Assigned task - Report how many lines in the data include "Benz", with the number as the only reply.

Records provided -

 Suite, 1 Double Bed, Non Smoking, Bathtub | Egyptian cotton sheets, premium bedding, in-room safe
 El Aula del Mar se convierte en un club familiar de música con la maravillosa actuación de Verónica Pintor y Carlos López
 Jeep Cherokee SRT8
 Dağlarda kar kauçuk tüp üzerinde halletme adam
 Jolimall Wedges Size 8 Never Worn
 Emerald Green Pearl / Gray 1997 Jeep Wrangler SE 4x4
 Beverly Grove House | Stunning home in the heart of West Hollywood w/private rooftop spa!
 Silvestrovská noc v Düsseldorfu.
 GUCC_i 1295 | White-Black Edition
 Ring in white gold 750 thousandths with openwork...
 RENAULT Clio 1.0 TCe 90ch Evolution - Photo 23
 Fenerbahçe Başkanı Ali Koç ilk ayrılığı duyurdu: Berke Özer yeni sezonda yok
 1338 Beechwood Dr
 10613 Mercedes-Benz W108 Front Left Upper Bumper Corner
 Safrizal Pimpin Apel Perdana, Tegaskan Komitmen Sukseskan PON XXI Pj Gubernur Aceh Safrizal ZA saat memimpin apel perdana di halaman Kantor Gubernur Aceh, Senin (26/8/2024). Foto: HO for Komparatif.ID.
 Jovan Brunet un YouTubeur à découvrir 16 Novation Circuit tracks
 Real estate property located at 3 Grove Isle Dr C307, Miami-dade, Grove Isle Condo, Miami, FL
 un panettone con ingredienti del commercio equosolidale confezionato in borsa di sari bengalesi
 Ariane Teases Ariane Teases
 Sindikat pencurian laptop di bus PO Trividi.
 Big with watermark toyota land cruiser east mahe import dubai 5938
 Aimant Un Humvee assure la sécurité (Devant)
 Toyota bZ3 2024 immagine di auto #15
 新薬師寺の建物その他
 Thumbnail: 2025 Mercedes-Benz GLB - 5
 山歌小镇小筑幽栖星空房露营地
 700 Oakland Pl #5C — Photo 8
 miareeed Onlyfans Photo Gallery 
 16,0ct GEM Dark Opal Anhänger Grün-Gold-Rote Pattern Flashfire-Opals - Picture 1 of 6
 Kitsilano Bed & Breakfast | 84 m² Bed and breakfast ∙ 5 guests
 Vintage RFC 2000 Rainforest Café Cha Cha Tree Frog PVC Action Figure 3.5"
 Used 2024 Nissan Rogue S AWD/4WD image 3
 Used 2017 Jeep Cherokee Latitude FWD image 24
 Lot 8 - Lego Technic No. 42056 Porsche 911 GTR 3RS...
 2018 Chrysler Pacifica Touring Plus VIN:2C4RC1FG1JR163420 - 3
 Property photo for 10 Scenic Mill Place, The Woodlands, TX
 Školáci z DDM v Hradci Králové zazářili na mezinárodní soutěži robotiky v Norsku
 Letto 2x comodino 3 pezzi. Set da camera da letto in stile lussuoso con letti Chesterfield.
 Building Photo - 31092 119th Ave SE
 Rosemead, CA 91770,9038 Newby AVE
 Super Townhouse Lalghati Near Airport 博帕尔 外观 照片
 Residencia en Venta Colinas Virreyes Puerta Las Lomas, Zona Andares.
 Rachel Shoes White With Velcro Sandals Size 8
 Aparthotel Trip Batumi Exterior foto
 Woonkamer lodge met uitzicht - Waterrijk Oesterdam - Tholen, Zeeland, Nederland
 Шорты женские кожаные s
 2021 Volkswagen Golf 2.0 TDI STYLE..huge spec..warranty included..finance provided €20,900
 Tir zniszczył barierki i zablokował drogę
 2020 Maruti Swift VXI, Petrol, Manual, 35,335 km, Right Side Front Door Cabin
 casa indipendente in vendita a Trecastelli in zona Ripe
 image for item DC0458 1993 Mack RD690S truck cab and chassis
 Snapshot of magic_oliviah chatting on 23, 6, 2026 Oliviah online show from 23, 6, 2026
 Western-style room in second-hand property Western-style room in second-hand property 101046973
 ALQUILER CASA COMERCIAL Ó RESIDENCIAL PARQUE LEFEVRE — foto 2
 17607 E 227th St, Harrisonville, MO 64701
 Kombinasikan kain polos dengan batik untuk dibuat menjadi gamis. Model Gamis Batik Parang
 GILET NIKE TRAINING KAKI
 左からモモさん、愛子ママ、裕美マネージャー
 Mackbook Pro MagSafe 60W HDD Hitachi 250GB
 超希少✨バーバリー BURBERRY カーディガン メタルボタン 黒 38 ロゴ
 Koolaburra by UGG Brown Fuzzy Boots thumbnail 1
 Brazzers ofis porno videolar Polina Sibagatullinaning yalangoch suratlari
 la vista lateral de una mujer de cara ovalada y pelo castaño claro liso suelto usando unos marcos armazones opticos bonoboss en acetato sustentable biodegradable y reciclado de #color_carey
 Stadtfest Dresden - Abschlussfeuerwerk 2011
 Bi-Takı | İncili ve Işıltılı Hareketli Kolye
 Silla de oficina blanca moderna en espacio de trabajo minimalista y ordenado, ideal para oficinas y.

Expected output - 2